Mahfud MD Ungkap Kompleksitas Pemakzulan Gibran dari Perspektif Hukum dan Politik
Pakar hukum tata negara, Mahfud MD, menyoroti potensi pemakzulan Wakil Presiden Gibran Rakabuming Raka dari sudut pandang hukum dan politik. Pernyataan ini muncul sebagai respons terhadap usulan Forum Purnawirawan TNI yang meminta Majelis Permusyawaratan Rakyat (MPR) untuk mengganti Gibran dari jabatannya sebagai wakil presiden.
Dalam penjelasannya, Mahfud MD menekankan bahwa dari sudut pandang ketatanegaraan, pemakzulan seorang wakil presiden adalah mungkin. Pasal 7A Undang-Undang Dasar 1945 mengatur kondisi di mana presiden dan/atau wakil presiden dapat dimakzulkan atau diberhentikan. Kondisi-kondisi tersebut mencakup:
- Pengkhianatan terhadap negara
- Korupsi
- Penyuapan
- Tindak pidana berat lainnya
- Perbuatan tercela
- Tidak lagi memenuhi syarat sebagai presiden.
Namun, Mahfud MD juga menegaskan bahwa meskipun pemakzulan secara teoritis dimungkinkan, realitas politik dapat menghadirkan tantangan yang signifikan. Kekuatan koalisi politik yang mendukung pemerintahan Prabowo Subianto-Gibran Rakabuming Raka di Dewan Perwakilan Rakyat (DPR) menjadi faktor yang perlu dipertimbangkan.

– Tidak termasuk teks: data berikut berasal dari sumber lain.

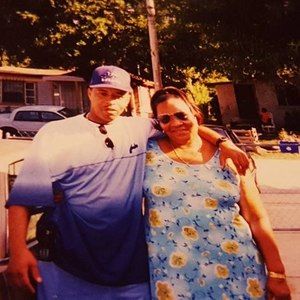 Meet your Posher, Ron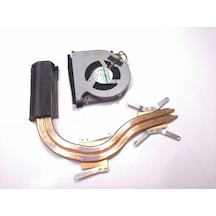 Toshiba Uyumlu C855 SOĞUTUCU FAN
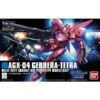 Bandai 1/144 HGUC 159 AGX-04 Gerbera Tetra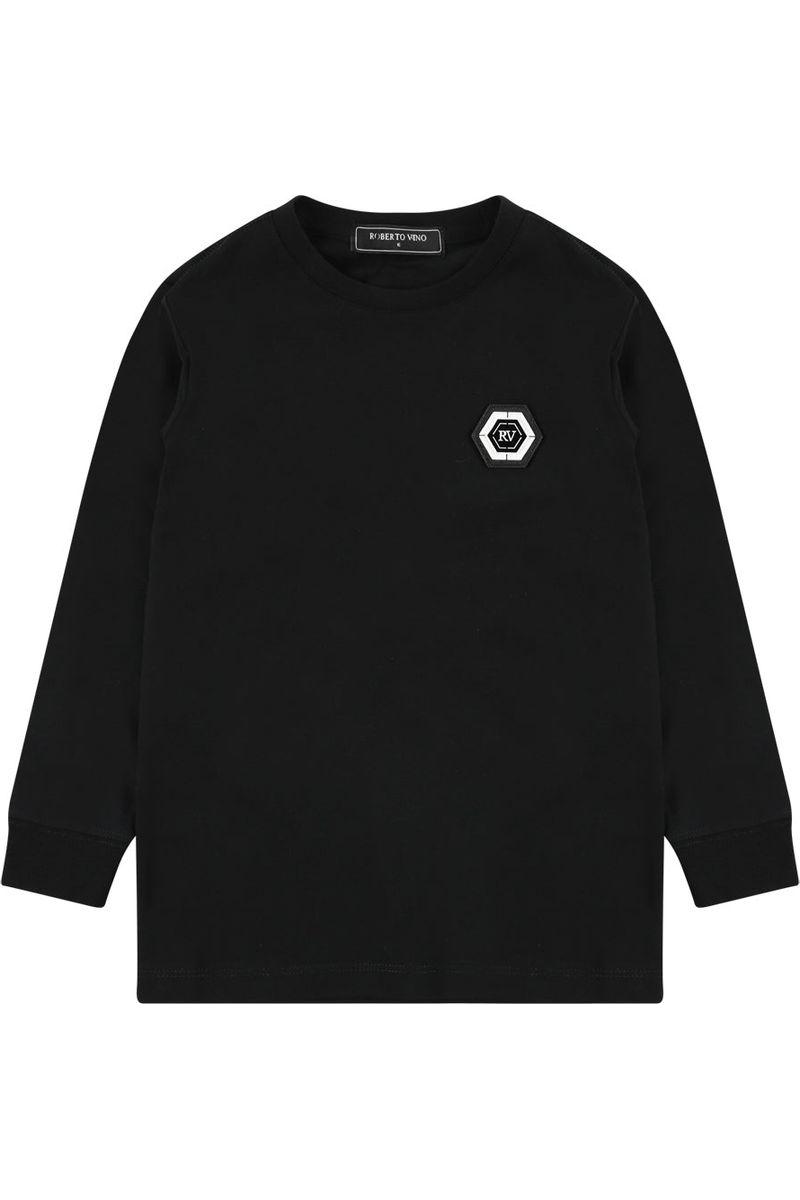 סווטשירט ROBERTO VINO לילדים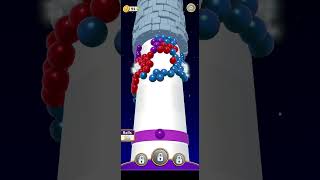Bubble Tower 3D Game Level 3#games #gaming #trend #subscribe #trendingshorts #uptrends #trendtopic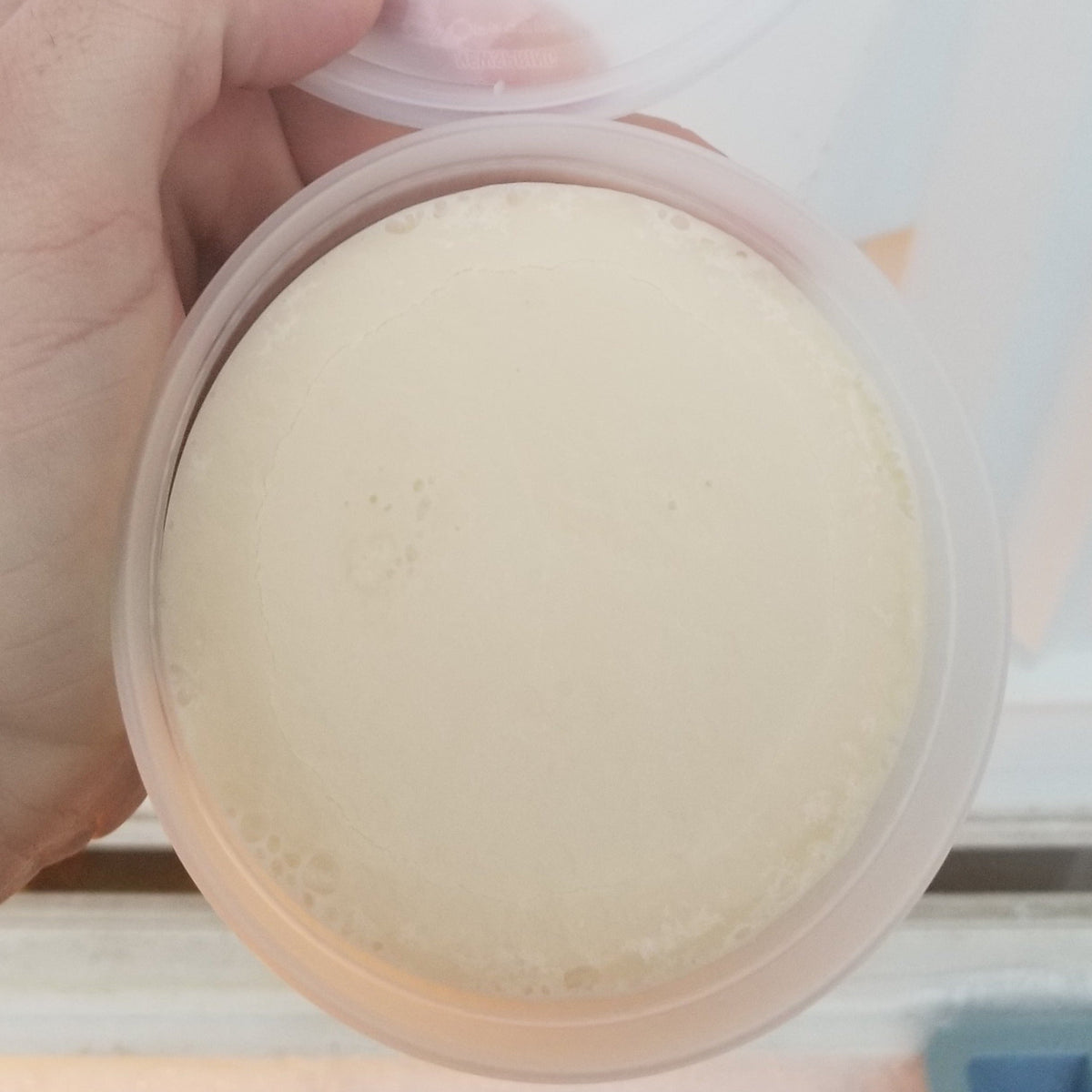 Lamb Tallow (rendered fat) wholesomenova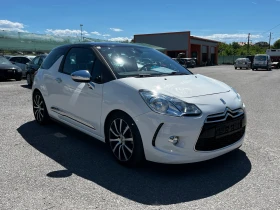 Citroen DS3 1.6 HDI Exclusive, снимка 7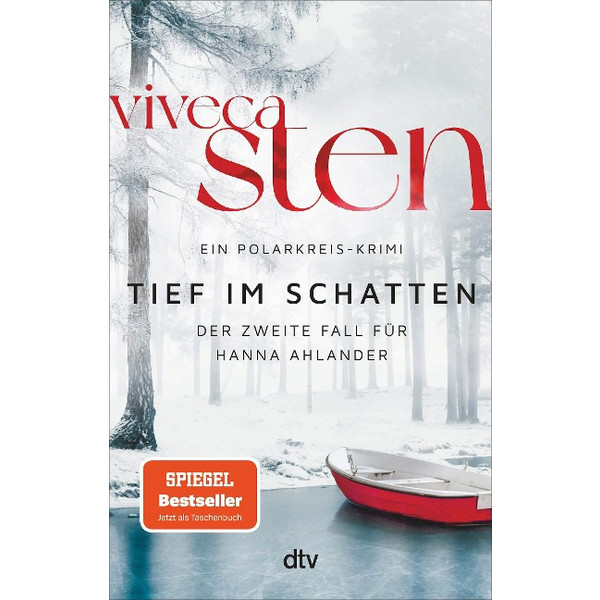TIEF IM SCHATTEN - Krimi Ansicht 1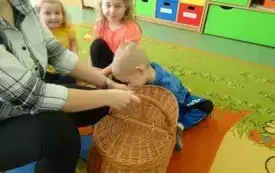 Zapoznanie z prehistorycznymi gadami 22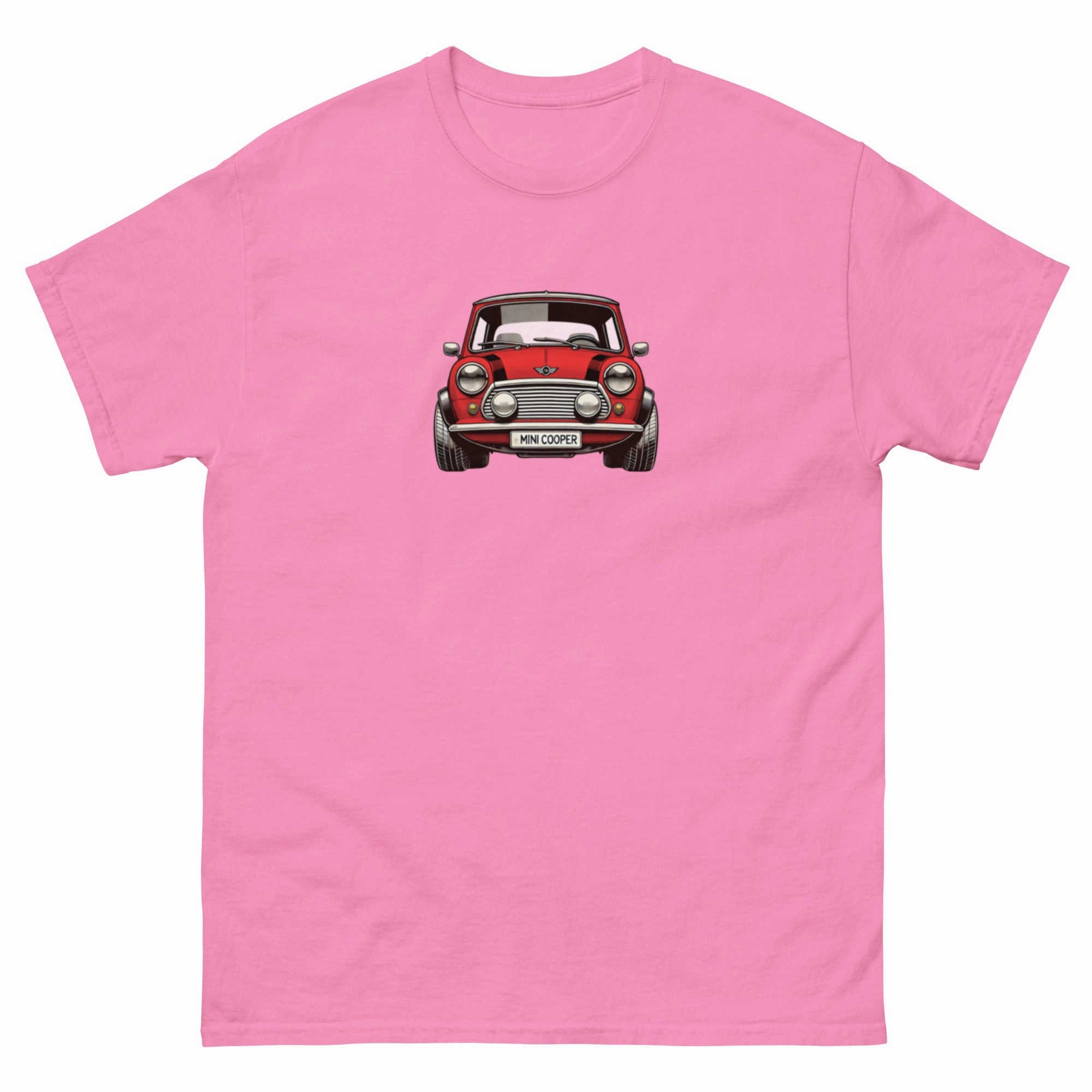 classic car t-shirt - classic car tee, car enthusiast apparel, gifts for him, unisex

Proses pemakzulan presiden atau wakil presiden memerlukan serangkaian langkah yang ketat di DPR. Proses tersebut harus dimulai dengan sidang pleno DPR yang dihadiri oleh setidaknya dua pertiga dari seluruh anggota. Dalam sidang pleno ini, minimal dua pertiga anggota DPR harus menyetujui bahwa presiden dan/atau wakil presiden telah melakukan pelanggaran yang diatur dalam UUD 1945.
Dengan komposisi politik saat ini, mencapai kuorum dan mayoritas yang diperlukan untuk pemakzulan akan menjadi tugas yang berat. Mahfud MD mengilustrasikan bahwa dengan 575 anggota DPR, dibutuhkan sekitar 380 suara untuk mencapai angka dua pertiga. Jika jumlah suara yang mendukung pemakzulan tidak mencapai ambang batas tersebut, proses pemakzulan tidak dapat dilanjutkan.
Usulan pemakzulan Gibran datang dari Forum Purnawirawan TNI, yang terdiri dari sejumlah tokoh purnawirawan dari berbagai pangkat, termasuk jenderal, laksamana, marsekal, dan kolonel. Forum ini menyampaikan deklarasi yang berisi delapan poin, termasuk penolakan terhadap kebijakan pemerintah terkait pembangunan Ibu Kota Negara (IKN), tenaga kerja asing, dan usulan reshuffle terhadap menteri-menteri yang diduga terlibat dalam korupsi. Usulan penggantian Wakil Presiden Gibran Rakabuming Raka menjadi salah satu poin yang paling menarik perhatian dalam deklarasi tersebut.
Selain Try Sutrisno, beberapa tokoh purnawirawan lain yang tergabung dalam forum ini antara lain Jenderal TNI (Purn) Fachrul Razi, Jenderal TNI (Purn) Tyasno Soedarto, Laksamana TNI (Purn) Slamet Soebijanto, dan Marsekal TNI (Purn) Hanafie Asnan.